Did you get a sense that for youth games the substitution at the nearest boundary line was going to be enforced?  Looked a little awkward when Rapinoe? was substituted the other day and had walk around the field from the opposite side of the bench.  Doesn't seem to be the best idea to have players walk in front of ill-behaved parents on the touchline.


----------



## Grace T. (Jun 27, 2019)

watfly said:


> Did you get a sense that for youth games the substitution at the nearest boundary line was going to be enforced?  Looked a little awkward when Rapinoe? was substituted the other day and had walk around the field from the opposite side of the bench.  Doesn't seem to be the best idea to have players walk in front of ill-behaved parents on the touchline.


For AYSO, the national summary presented to the regions does include leaving the boundary at the nearest line but our region has already said they aren't going to do it next year at least for Core.  Incidentally, the way they broke down the new handball rule was completely unintelligible.


----------



## Surfref (Jun 27, 2019)

watfly said:


> Did you get a sense that for youth games the substitution at the nearest boundary line was going to be enforced?  Looked a little awkward when Rapinoe? was substituted the other day and had walk around the field from the opposite side of the bench.  Doesn't seem to be the best idea to have players walk in front of ill-behaved parents on the touchline.


Yes, but to use common sense and not send a player off near opposition spectators and to keep an eye on them if they are near opposition spectators or bench.  Also, to use common sense if the game is chippy or contentious.  Then send them off to their own bench or sideline.  We also have to remember to wave the substitute onto the field.  The key for the referee is to use common sense.


----------



## Art (Jun 28, 2019)

ATTENTION: Calsouth is not updating to the new laws of the game changes until the fall season, specifically September 1, 2019. This came from Randall Reyes, director of instruction. The referee committee also approved of this. Calsouth also does not endorse or support tournaments that change over to the new laws early. 

Why?

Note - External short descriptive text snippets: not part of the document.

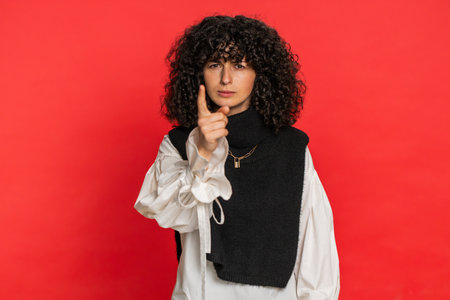 Quarrel. Displeased aggressive unhappy Caucasian young woman with curly hair gesturing hands with irritation and displeasure, blaming scolding for failure, asking why this happened on red backgroundの写真素材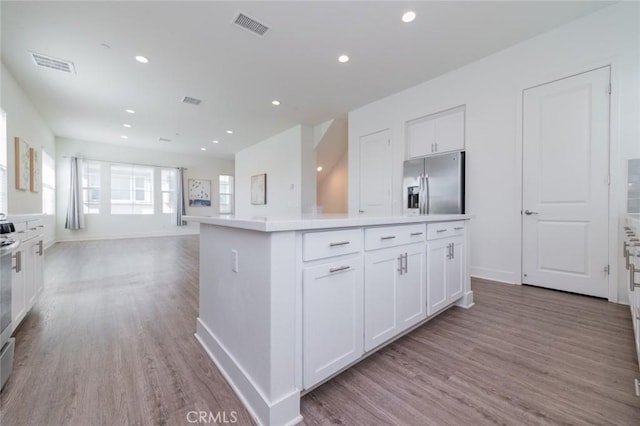 15926 Ellington Way, Chino Hills, CA 91709 - kitchen featuring stainless steel fridge, light wood-style floors, white cabinets, a center island, and light countertops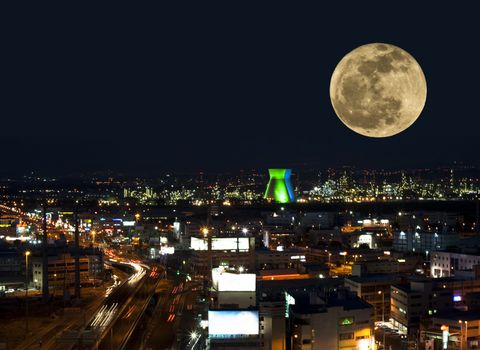 haifa bay industrial zone with a highway and giant moon above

Because referees have not been instructed on the new laws of the games yet!!! So, all these tournament directors that think they're hip by updating to the new laws think they're playing FIFA on Xbox or something. Good luck to those referees that partake in a tournament like that because the confusion will be through the roof.

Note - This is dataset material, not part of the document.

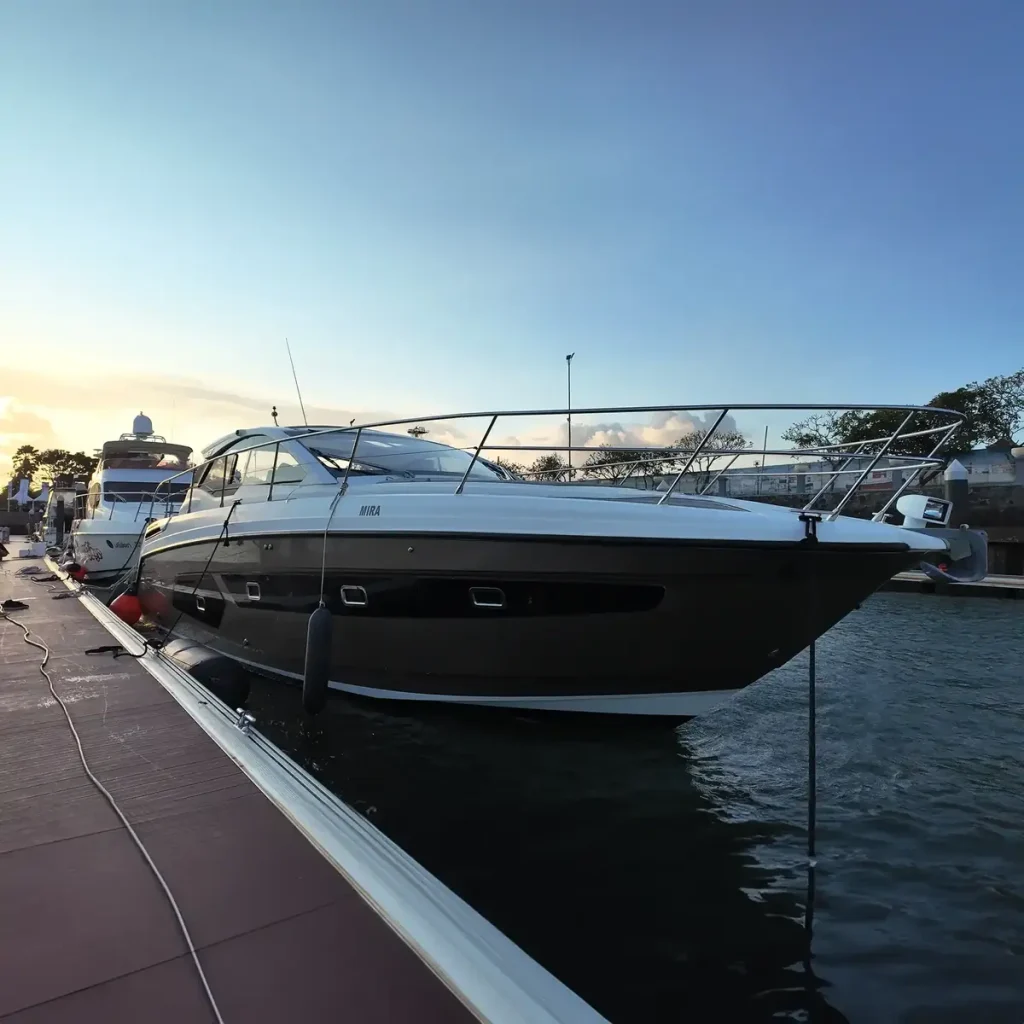 A motor yacht moored at a marina pontoon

Source: association, Randall Reyes (training twice a month with him), RPD


----------



## espola (Jun 28, 2019)

carla hinkle said:


> Presidio/SDDA has announced (on their website home page) no heading for all small sided games. So I am assuming that will mean no heading in 2008 and 2009 in Presidio/SDDA league play. I believe this is a change from last year when 2007 (playing 9v9) was allowed to head but 2008 (playing 9v9) was not.

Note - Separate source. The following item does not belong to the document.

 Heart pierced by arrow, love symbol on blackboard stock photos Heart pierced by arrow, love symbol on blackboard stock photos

Expect a lot of high kicking.


----------



## Surfref (Jun 28, 2019)

Art said:


> ATTENTION: Calsouth is not updating to the new laws of the game changes until the fall season, specifically September 1, 2019. This came from Randall Reyes, director of instruction. The referee committee also approved of this. Calsouth also does not endorse or support tournaments that change over to the new laws early.
> 
> Why? Because referees have not been instructed on the new laws of the games yet!!! So, all these tournament directors that think they're hip by updating to the new laws think they're playing FIFA on Xbox or something. Good luck to those referees that partake in a tournament like that because the confusion will be through the roof.
> 
> Source: association, Randall Reyes (training twice a month with him), RPD


IMHO this is a poor policy.  Why wouldn’t they switch over on 1 August so the referees, coaches, players and spectators can get used to the LOTG changes before the fall season starts. Some of those September games are going to be ugly as the referees try to learn how to implement the changes in game situations and players adjust. It is easy to read and understand what the changes are, but it is far more difficult to apply them in game situations. I remember the huge LOTG changes in 2016 and the shit show that happened in September because Cal South didn’t implement the changes until September.  You would think that they would learn from their mistakes. The excuse that the training is not complete is BS, because most referees do not attend the training meetings at all or miss meetings in the summer. My solution would be to implement the changes in August during tournaments.  And, at the larger venues have the referees arrive an extra 30 minutes early to receive instruction on the changes and have instructors and assessors at the field to provide guidance at halftime and between games.  Cal South has plenty of money to pay for 4-6 instructors/assessors attend tournaments at the larger venues. This would provide far greater coverage of instruction and game situation feedback.  The ECNL boys showcase this spring in San Diego had at least several assessors randomly watching games and providing feedback to the referees. This directly helped referees improve from one half to the next half or game.


----------



## Surfref (Jun 28, 2019)

espola said:


> Expect a lot of high kicking.


I rarely see any “high kicking” in those no-heading games.  The players have learned to use their chest or let the ball go and move after it.


----------



## timbuck (Jun 28, 2019)

It's actually pretty cool to see how well the younger ages are able to chest the ball these days.


----------



## Grace T. (Jun 28, 2019)

Surfref said:


> IMHO this is a poor policy.  Why wouldn’t they switch over on 1 August so the referees, coaches, players and spectators can get used to the LOTG changes before the fall season starts. Some of those September games are going to be ugly as the referees try to learn how to implement the changes in game situations and players adjust. It is easy to read and understand what the changes are, but it is far more difficult to apply them in game situations. I remember the huge LOTG changes in 2016 and the shit show that happened in September because Cal South didn’t implement the changes until September.  You would think that they would learn from their mistakes. The excuse that the training is not complete is BS, because most referees do not attend the training meetings at all or miss meetings in the summer. My solution would be to implement the changes in August during tournaments.  And, at the larger venues have the referees arrive an extra 30 minutes early to receive instruction on the changes and have instructors and assessors at the field to provide guidance at halftime and between games.  Cal South has plenty of money to pay for 4-6 instructors/assessors attend tournaments at the larger venues. This would provide far greater coverage of instruction and game situation feedback.  The ECNL boys showcase this spring in San Diego had at least several assessors randomly watching games and providing feedback to the referees. This directly helped referees improve from one half to the next half or game.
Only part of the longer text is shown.